Why hasn’t attention turned, then, to social inequality, not genetics, as the source of health disparities? The main reason is the political ramification. “If you show that this is a predisposition that is genetically determined—black people just have this gene, there’s nothing we can do about it, this is just nature—then society is completely absolved. We don’t have any responsibility to solve this problem,” Kaufman said. “If you show that it is because of racism and injustice and people’s living conditions, well, then, there is some responsibility and we have to do something about this.”
In his book Making the Mexican Diabetic: Race, Science, and Inequality, Michael Montoya shows how epidemiologists try to explain diabetes through genetics, even if evidence points in a social direction: lifestyle disruptions, dispossession, and poverty, which disproportionately affect minorities. “It is much easier to say it must be something [wrong] with those people than it is [to say something’s wrong] with the way we have arranged our society,” Montoya told me.
Even when doctors and policymakers try to address health disparities, and not simply phantom genetic differences, there tends to be too much focus on technology, drugs, and devices. The former surgeon general, David Satcher, and his colleagues say that this is a mistake. What’s needed, they say, is investment in equity and infrastructure.
As a thought experiment, say that scientists got ancestry right and cooked up a drug that closed the cardiovascular disease mortality gap. Would it do any good?

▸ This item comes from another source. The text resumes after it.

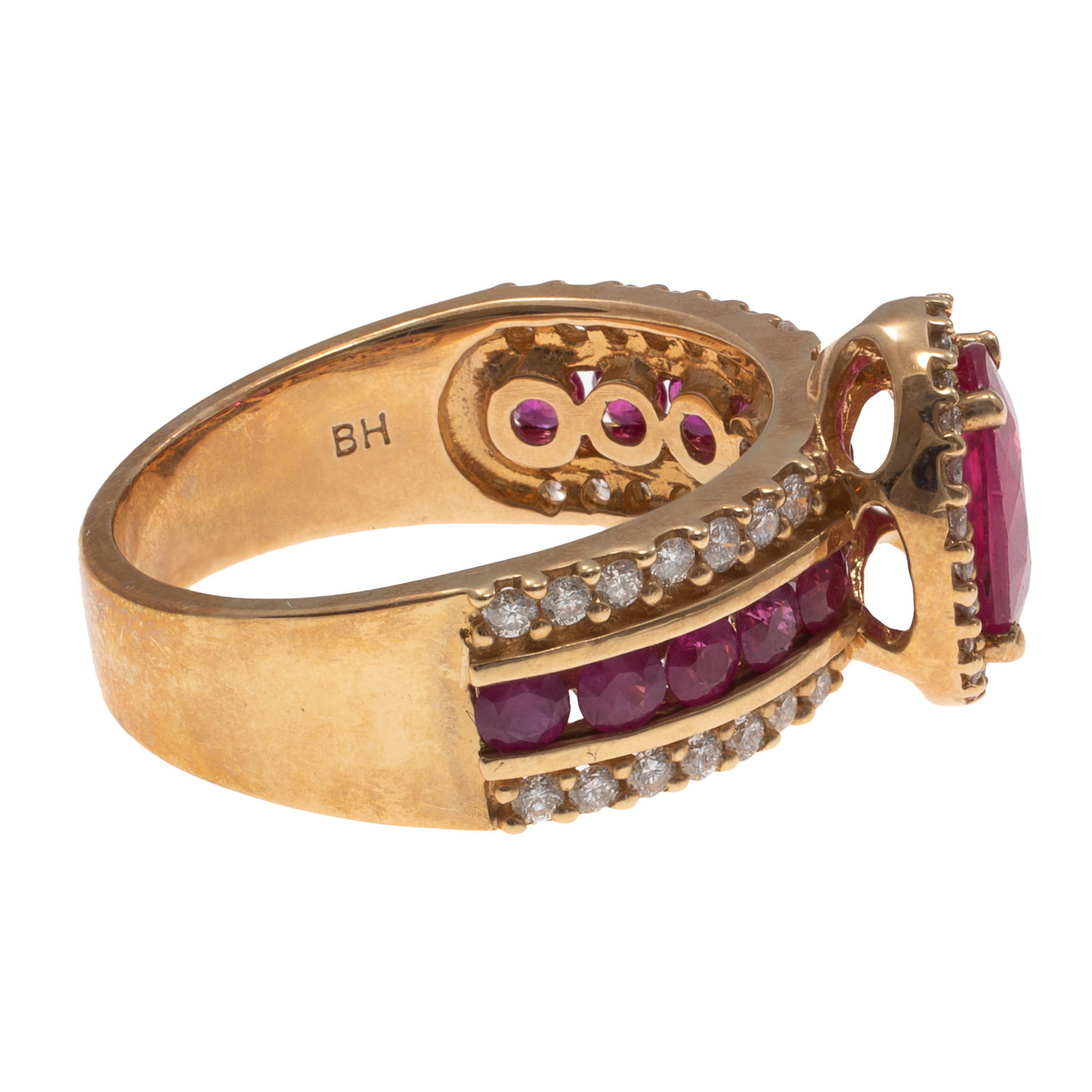 Ruby, Diamond, 14k Yellow Gold Ring - 4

Considering that more than half a million black residents on the south and west sides of Chicago live in pharmacy deserts, the answer isn’t so clear. “Even if you have a prescription from physician, do you have access to a pharmacy?” asked Dima Qato, the lead author of the breakthrough study on Chicago’s pharmacy deserts. What good is a silver-bullet drug without an equitable delivery system?
In Chicago, six of the seven neighborhoods that have the lowest life expectancy are segregated African-American neighborhoods. The neighborhoods with the highest life expectancy are less than 10 percent African-American. To look for the cause of this racial disparity in genetics isn’t only scientifically flawed. It is morally flawed as well.